** REQUIRED WORK **
Produce word for word the lines of the data below running from the one that has "辽宁欠条、借条要怎么区别（欠条借条一样吗）" to the one that has "Etui iPhone 13", inclusive, and no others.
-- MATERIAL FOR THE TASK follows --
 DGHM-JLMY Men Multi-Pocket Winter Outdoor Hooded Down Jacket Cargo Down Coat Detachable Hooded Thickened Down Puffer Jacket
-- MATERIAL FOR THE TASK concluded --
-- MATERIAL FOR THE TASK follows --
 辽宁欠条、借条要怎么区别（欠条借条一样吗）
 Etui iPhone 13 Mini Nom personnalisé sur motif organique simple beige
-- MATERIAL FOR THE TASK concluded --
** SOLUTION FOR THIS PROBLEM **
 辽宁欠条、借条要怎么区别（欠条借条一样吗）
 Etui iPhone 13 Mini Nom personnalisé sur motif organique simple beige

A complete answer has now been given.